Si les deux albums précédents étaient une ode aux riffs speed et accrocheurs, celui-ci change radicalement d’abord : un accordage bien plus bas que jamais, des riffs heavy, massifs, et un aspect beaucoup plus groove (voie que le groupe portera à l’excellence avec l’album d’après) qui rappelle Black Sabbath (et ce que confirme la petite reprise de fin, « Planet Caravan », trippante à souhait). C’est à cette époque que Phil Anselmo commence à s’intéresser de près à la scène black metal scandinave, et certains passages ne manquent pas de transpirer ces nouvelles influs (le riff très black de « Slaughtered » par exemple) ; car Phil joue de la guitare et compose avec celle-ci, et fort bien, de la confidence de Dimebag Darrell himself qui n’hésitait jamais à dire que Phil était son guitariste préféré, avec qui il avait le plus de plaisir à jouer.
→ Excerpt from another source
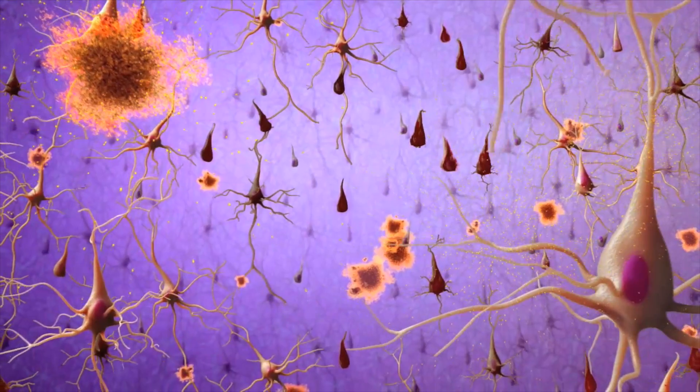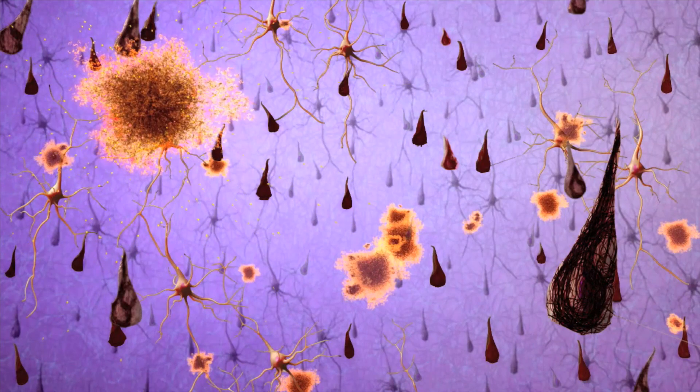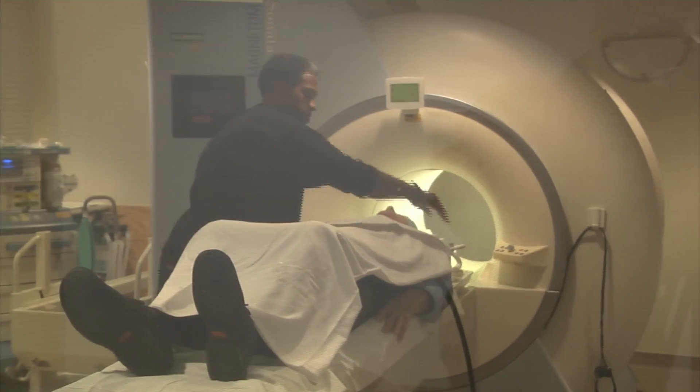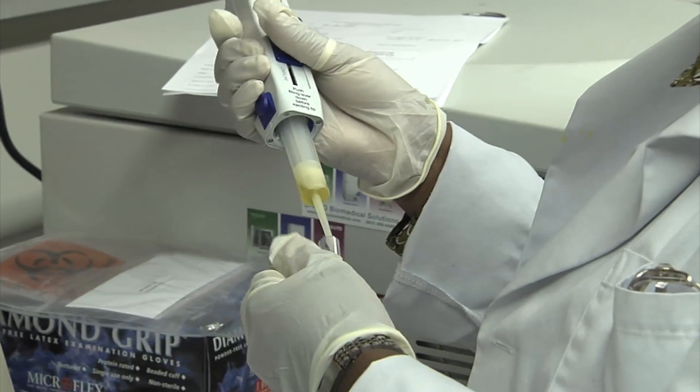One of the first detectable signs of Alzheimer's disease is the accumulation of amyloid beta protein aggregates in the brain. These aggregates begin to form 15 to 20 years prior to the onset of the first symptoms of the disease, and they can be detected through brain imaging or lumbar puncture — two costly and invasive methods.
De gauche à droite : Dimebag Darrel, Vinnie Paul, Phil Anselmo & Rex Brown - circa 1994
Nettement sous-estimé, Far Beyond Driven est en réalité ce que l’on peut appeler un album-culte, et une pierre angulaire dans l’histoire du metal. Sans-concession, investiguant de nouveaux territoires artistiques et sonores, aux antipodes de ce que l’on aurait pu attendre d’un jeune groupe florissant, il sait intelligemment prendre le contre-pied de toutes les tendances et attentes de l’époque pour enfanter d’un ovni qui continue de diviser la critique, vingt ans après sa sortie ! Se pourrait-il que la définition de l’art soit la suivante : peu importe que l’on aime ou pas, tant qu’une œuvre provoque l’inconfort et fait parler d’elle, elle relèverait alors de la maestria ? Dans tous les cas, l’influence colossale que la nouvelle direction abordée, par Pantera alors, aura sur toute la scène musicale extrême (mais pas que) qui est la nôtre, ne laissera aucun doute sur la légitimité de la couronne et du sceptre.